Task item: Once you find the line with "Strange grey skin", transcribe it and all the lines that follow to the end of the data, exactly as written; skip any pictures.

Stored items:
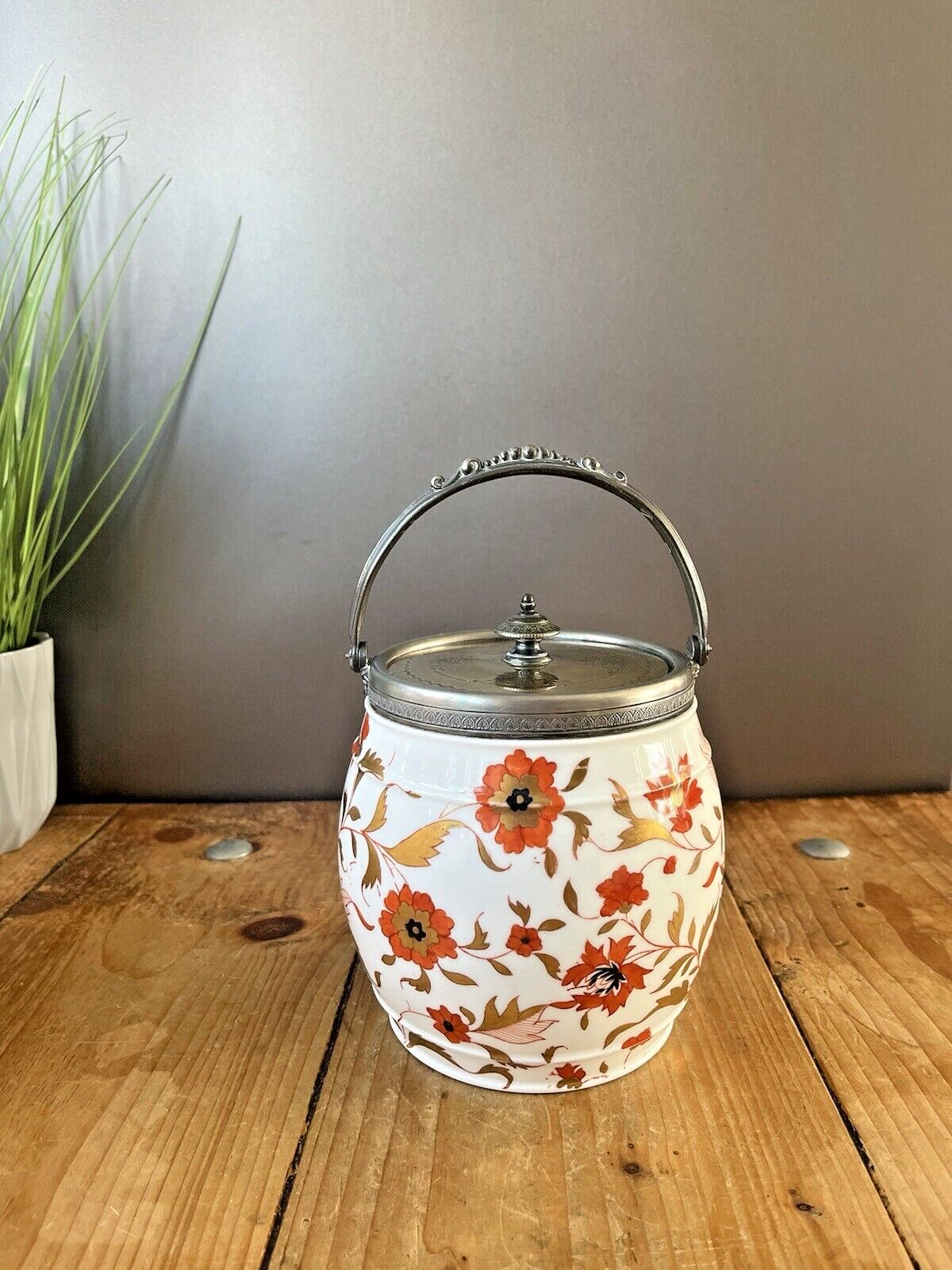 Stunning Rare Antique C1870 Wedgwood Imari Floral Gilt Biscuit Barrel Jar Z378 photo furniture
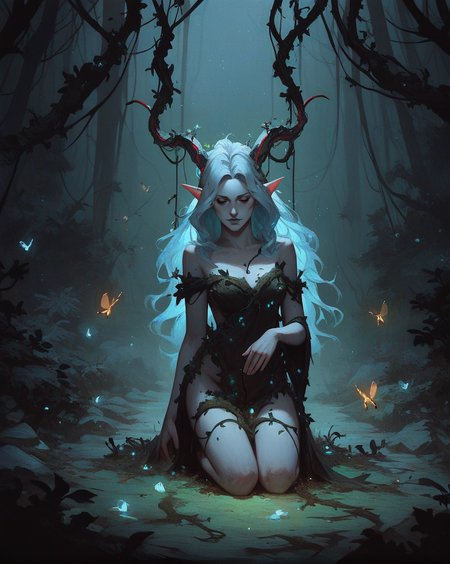 score_9, score_8_up, score_7_up, score_6_up,  Strange grey skin woman entangled in vines, kneeling, long hair, fur, pointed ears, horns, 1girl, wooden, grey lips, dense forest, fireflies, particles, vines, vignette, texture, leaves, bush, soft blue glow, low key lighting, night, dark, shadowed, dense atmosphere, moody, (flat chest:0.6), <lora:Concept Art Twilight Style SDXL_LoRA_Pony Diffusion V6 XL:0.8>  <lora:pale_demon:.85>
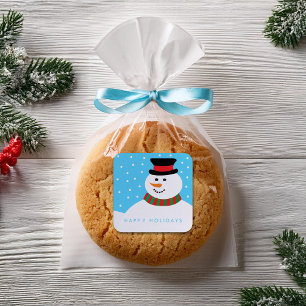 Sticker Carré Joyeux Noël de Snowman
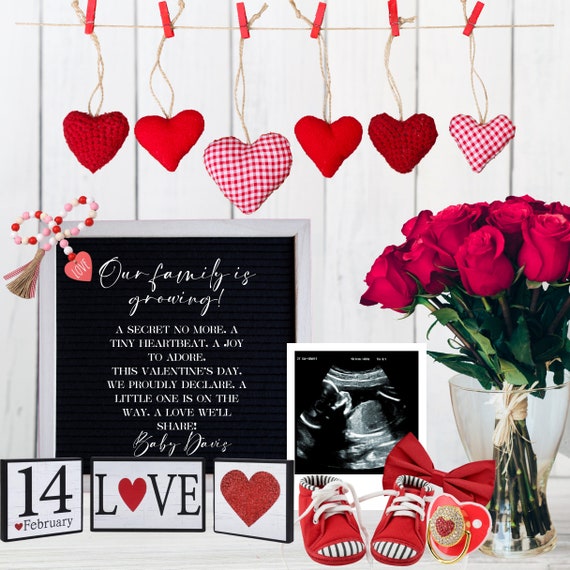 Valentine's Day Pregnancy Announcement - Digital Baby Reveal Template with Editable Options - Gender Reveal for Girl or Boy  Red Roses Theme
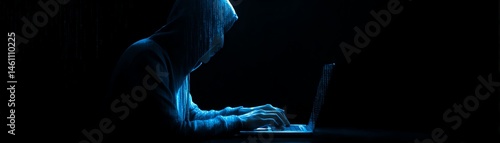 Obraz na płótnie Hacker silhouette using laptop in dark environment, dramatic lighting w salonie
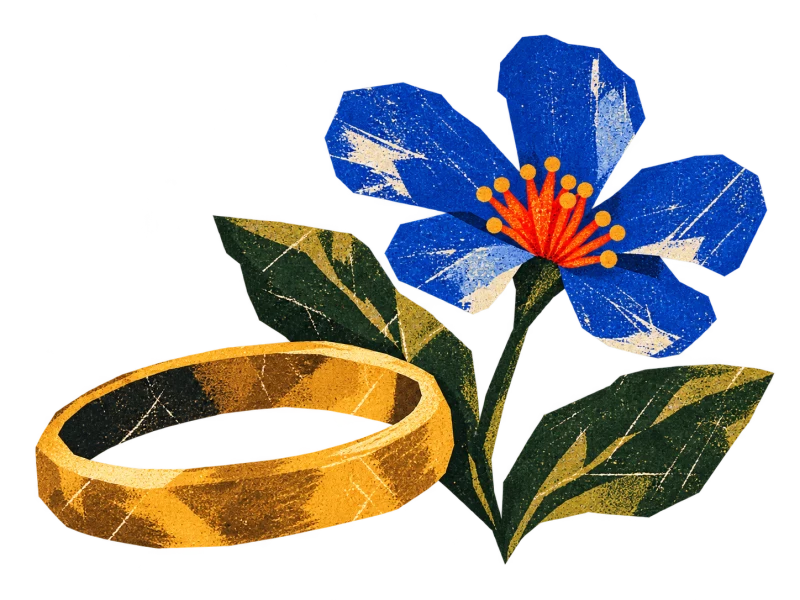 A plain gold ring beside a blue wildflower with a red center and dark green leaves.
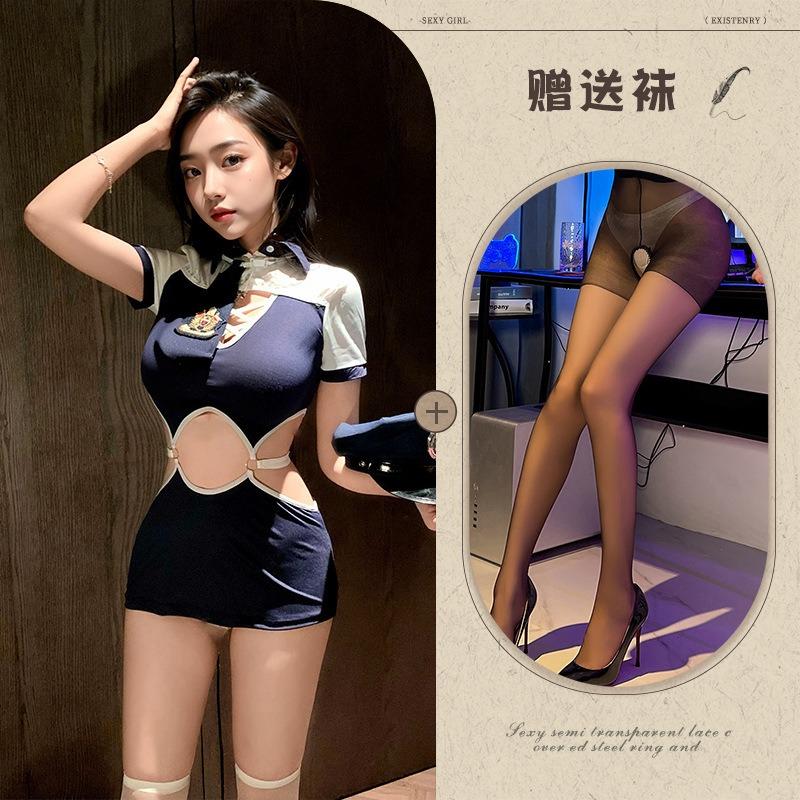 Sexy lingerie sexy policewoman cos uniform seduction instructor small breasts and thin mood hip-wrapped onesie suit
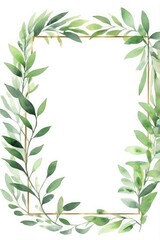 green watercolor branch autumn leaves frame border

Exercise response:
 score_9, score_8_up, score_7_up, score_6_up,  Strange grey skin woman entangled in vines, kneeling, long hair, fur, pointed ears, horns, 1girl, wooden, grey lips, dense forest, fireflies, particles, vines, vignette, texture, leaves, bush, soft blue glow, low key lighting, night, dark, shadowed, dense atmosphere, moody, (flat chest:0.6), <lora:Concept Art Twilight Style SDXL_LoRA_Pony Diffusion V6 XL:0.8>  <lora:pale_demon:.85>
 Sticker Carré Joyeux Noël de Snowman
 Valentine's Day Pregnancy Announcement - Digital Baby Reveal Template with Editable Options - Gender Reveal for Girl or Boy  Red Roses Theme
 Obraz na płótnie Hacker silhouette using laptop in dark environment, dramatic lighting w salonie
 A plain gold ring beside a blue wildflower with a red center and dark green leaves.
 Sexy lingerie sexy policewoman cos uniform seduction instructor small breasts and thin mood hip-wrapped onesie suit
 green watercolor branch autumn leaves frame border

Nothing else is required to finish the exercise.